**Provided data**
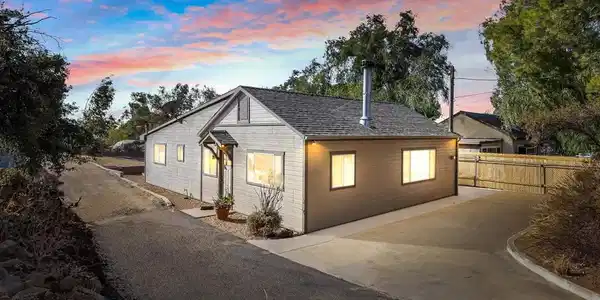 3065 N Victoria Dr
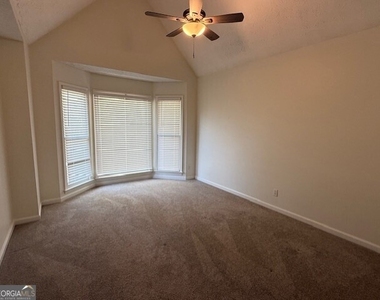 35 Chatsworth Circle - Photo Thumbnail 11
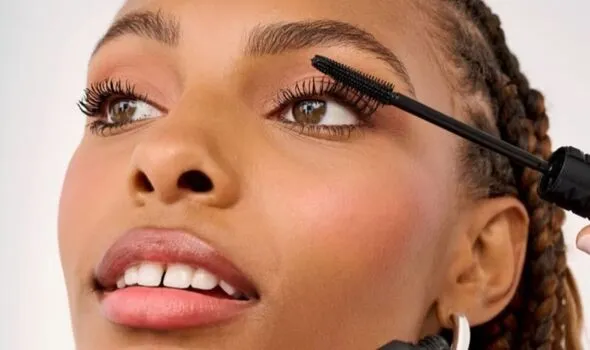 Boots £35 Benefit Beauty Set Worth £100 Wins Shopper Raves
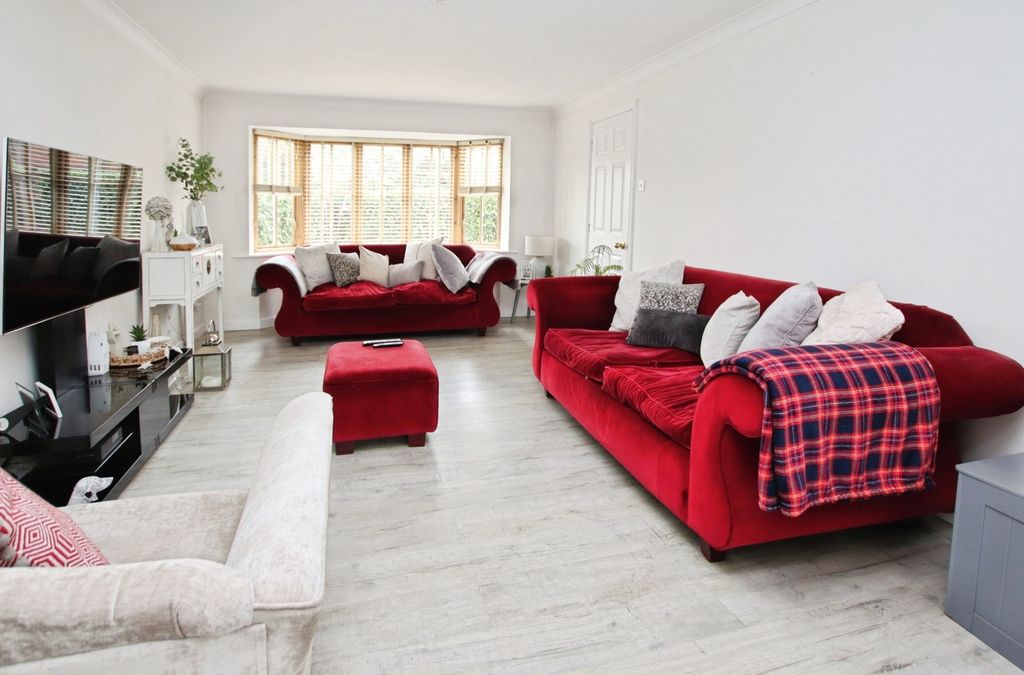 Property photo 2 of 29 4485383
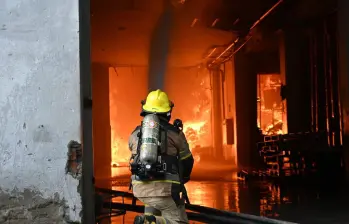 Uno de los más de cien socorristas que han participado en los trabajos de extinción de las llamas en Itagüí. FOTO: Cortesía Alcaldía de Itagüí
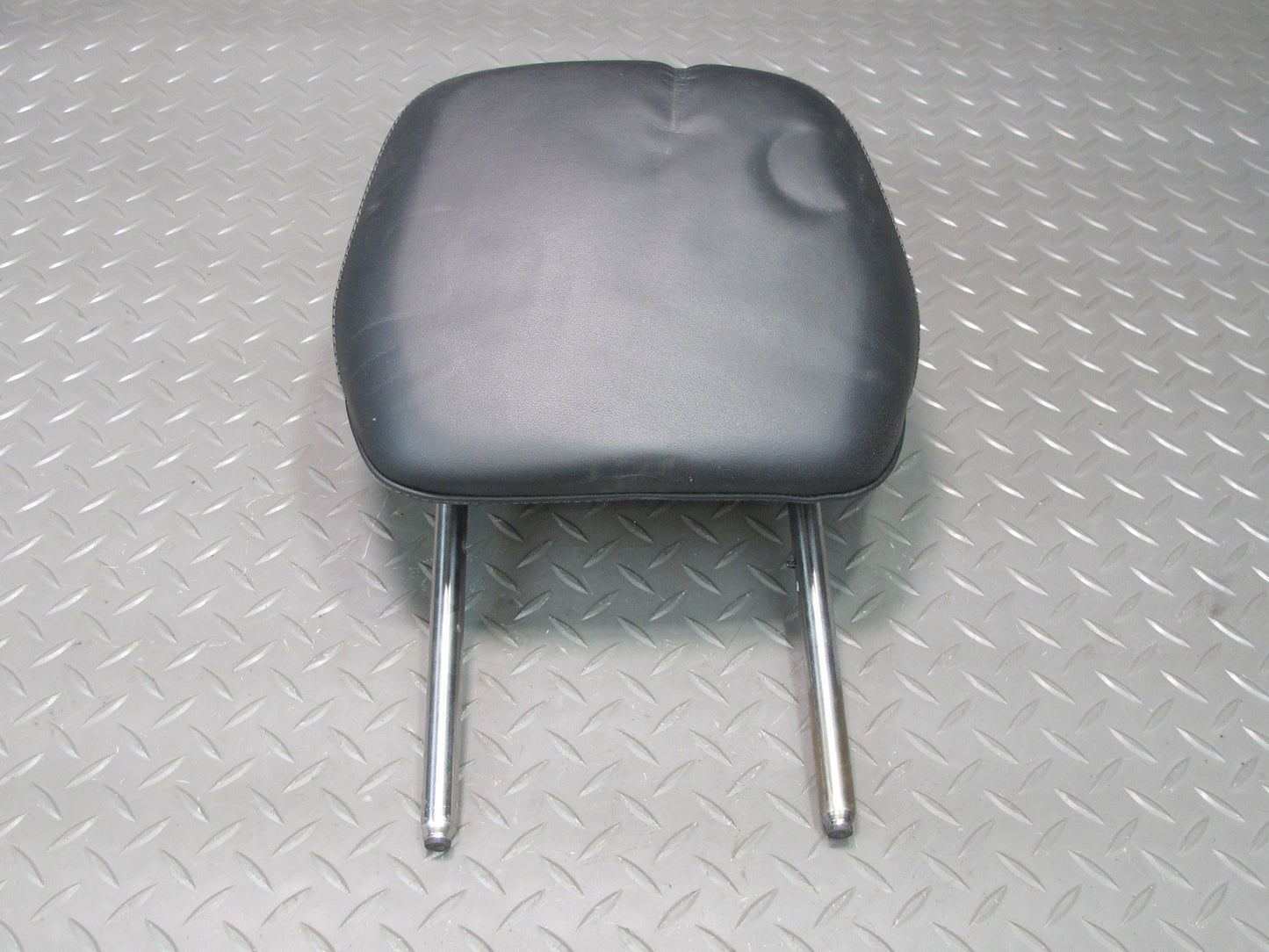 2011-2018 Porsche Cayenne 958 Rear Left Center Right Side Seat Headrest Set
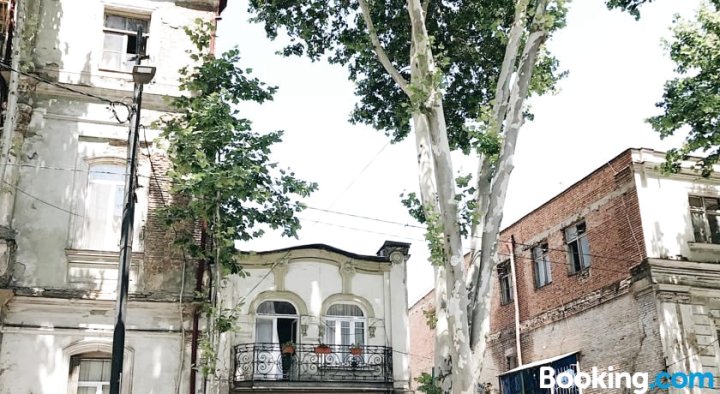 第比利斯中心公寓 - 带露台(Tbilisi Center Apartment with Terrace)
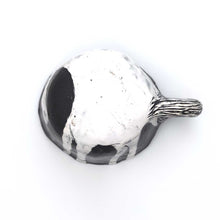 画像をギャラリービューアに読み込む, 奥山泉「カップ 白黒」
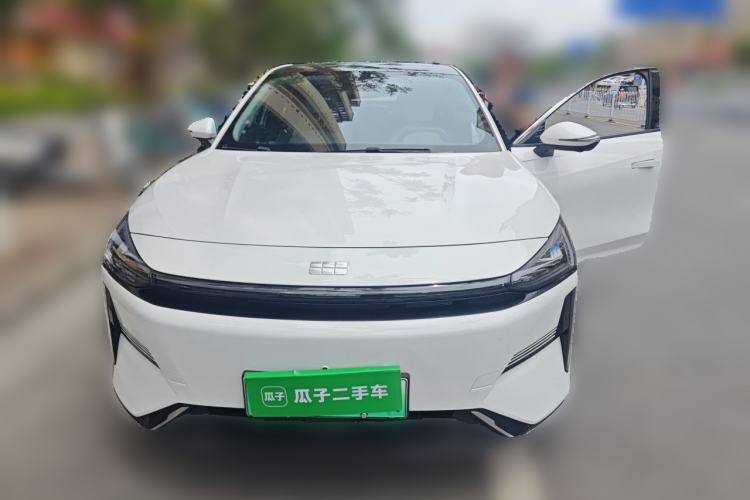 Used Geely Galaxy L6 2023 125km MAX Front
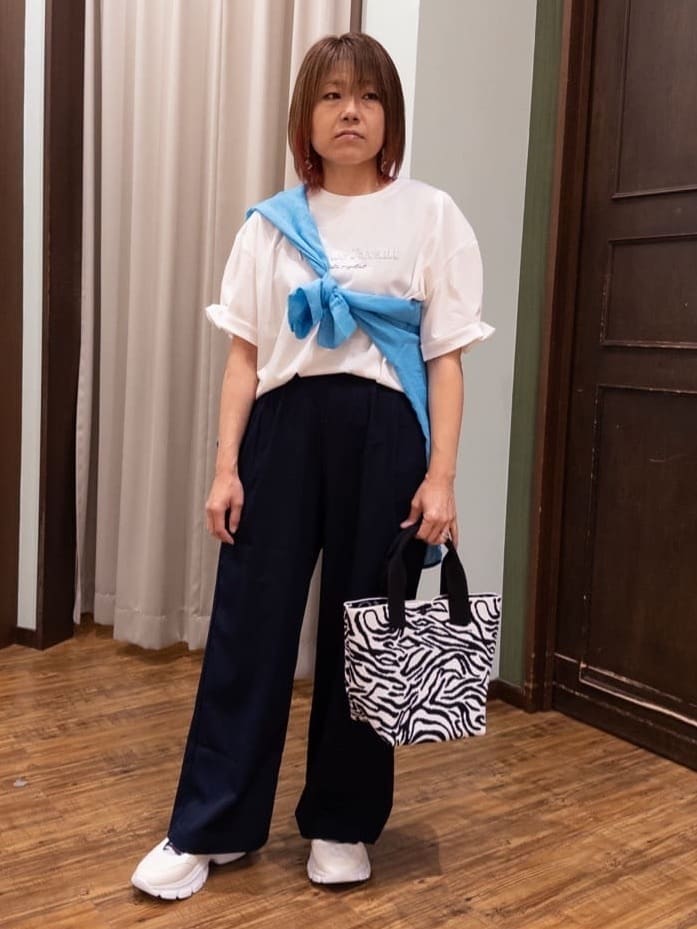 みかりん さんの「SHOO･LA･RUE｜【体型カバー】ふんわり質感 やわらかこなれシアーシャツ」を使ったコーディネート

**What you are asked to do**
Whatever the records hold apart from pictures should be repeated exactly.

**Result**
 3065 N Victoria Dr
 35 Chatsworth Circle - Photo Thumbnail 11
 Boots £35 Benefit Beauty Set Worth £100 Wins Shopper Raves
 Property photo 2 of 29 4485383
 Uno de los más de cien socorristas que han participado en los trabajos de extinción de las llamas en Itagüí. FOTO: Cortesía Alcaldía de Itagüí
 2011-2018 Porsche Cayenne 958 Rear Left Center Right Side Seat Headrest Set
 第比利斯中心公寓 - 带露台(Tbilisi Center Apartment with Terrace)
 画像をギャラリービューアに読み込む, 奥山泉「カップ 白黒」
 Used Geely Galaxy L6 2023 125km MAX Front
 みかりん さんの「SHOO･LA･RUE｜【体型カバー】ふんわり質感 やわらかこなれシアーシャツ」を使ったコーディネート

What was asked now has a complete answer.